February 21, 2019, BY Mike Ferlazzo

Freas Hall
Freas Hall is home to Bucknell University's Office of Admissions. Photo by Chris Shipley

Standardized test scores (SAT or ACT) will now be optional for students to submit when applying to Bucknell University starting with the class applying for enrollment in fall 2020. The test-optional policy will be offered to all applicants with the exception of varsity student-athletes (testing is required for calculating the Patriot League Academic Index), home-schooled students (testing provides a standardized measure given individualized transcripts) and international students (to assist with verification of credentials).

Bucknell is one of only a few undergraduate, highly selective institutions to offer the policy across three academic colleges (the College of Arts & Sciences, the College of Engineering and the Freeman College of Management). It also supports the University's mission to provide greater access to students from varying educational and socioeconomic backgrounds, contributing to its participation in the American Talent Initiative — an alliance of colleges and universities dedicated to substantially expanding opportunity and access for low- and moderate-income students.

"The principle point for going test optional was to provide greater access to Bucknell," said Kevin Mathes, dean of admissions. "We are looking for ways to open our doors to more students, and by going test optional, we're making sure students aren't letting a single test score dictate whether they consider Bucknell."

The University has long employed a holistic admissions practice in which standardized test scores are just one factor in an applicant's consideration.
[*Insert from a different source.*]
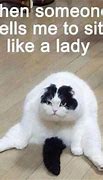 Image result for Any Questions Funny Cat Meme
The new policy will enhance that approach.

"There is nothing inherently bad about testing," said Bill Conley, vice president for enrollment management. "But we've always looked at testing from an arm's length because, in our holistic approach, we feel the most important thing is a student's academic transcript along with the assessment of their character and the kind of challenges they've taken on to get where they are."

Bucknell is also a member of the Character Collaborative, an initiative formed by educators with the goal of changing admissions practice at the higher and secondary education levels to reflect the significance of character strengths in attaining success in school, college and work. The University's test-optional policy contributes toward that goal.

"Every application review begins with the premise: find the evidence that supports admitting the student. Now, if the student chooses not to offer testing as evidence, we won't wonder why. We will focus on other factors," Conley said.

The test-optional policy will be conducted over a five-year pilot to assess the patterns of success for test score submitters and non-submitters.